**Listed records:**
---*---
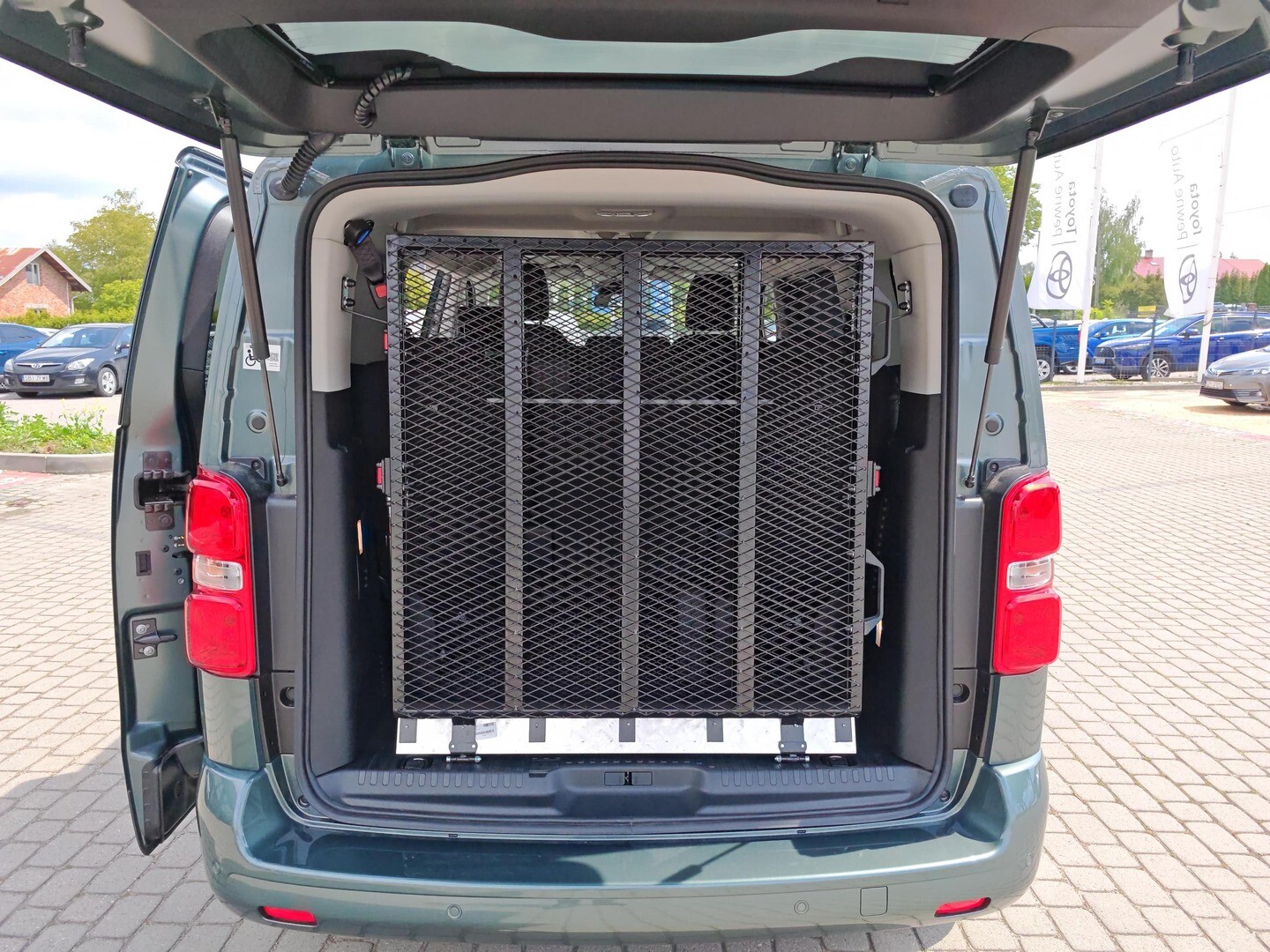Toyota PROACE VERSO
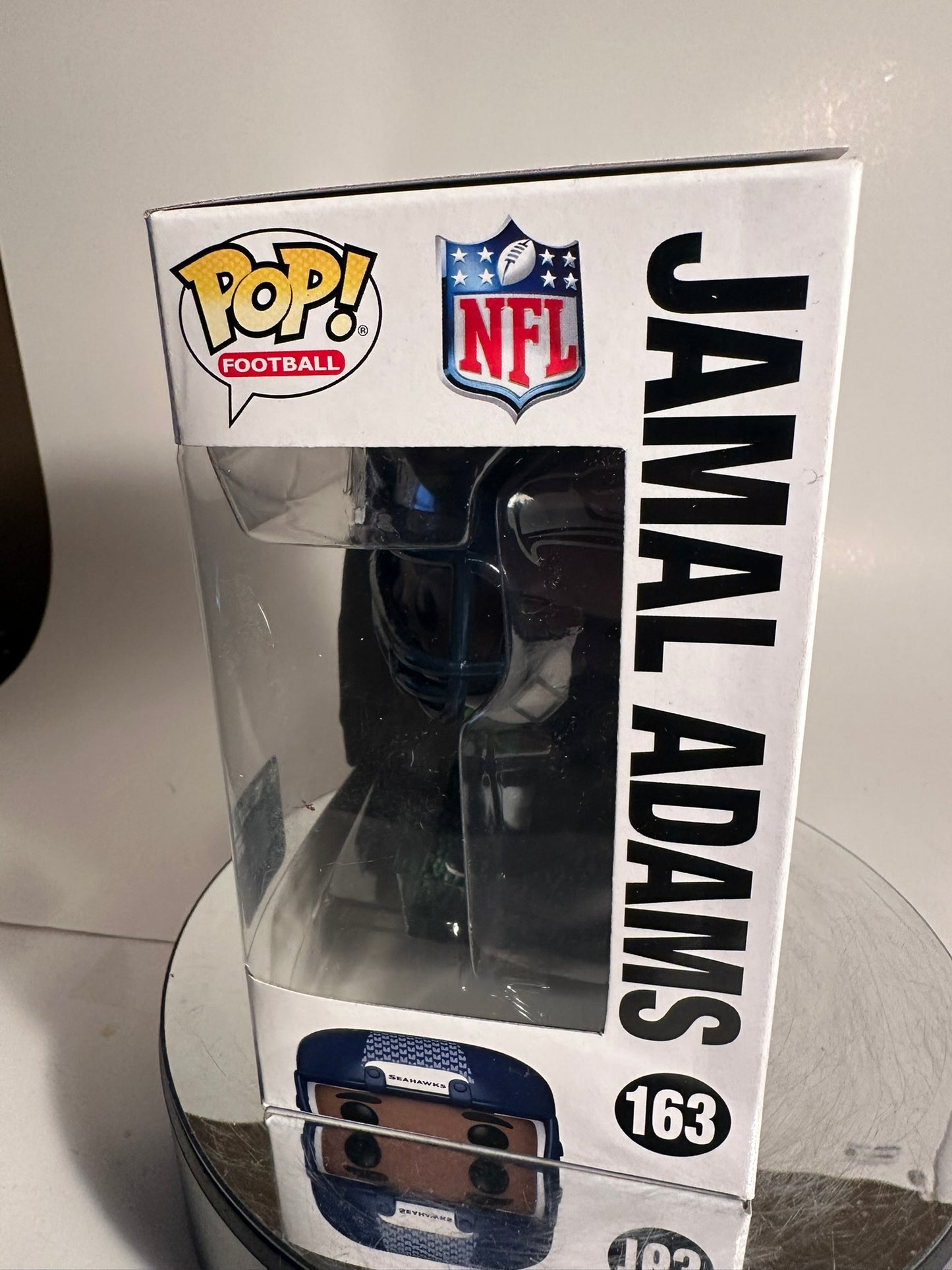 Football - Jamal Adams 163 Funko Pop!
---*---
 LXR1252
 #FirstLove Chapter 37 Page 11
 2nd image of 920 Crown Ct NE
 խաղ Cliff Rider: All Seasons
---*---
Write down, word for word, the lines above from the one containing "2nd image of 920 Crown Ct NE" through the one containing "խաղ Cliff Rider: All Seasons", both ends included.

**Output below:**
 2nd image of 920 Crown Ct NE
 խաղ Cliff Rider: All Seasons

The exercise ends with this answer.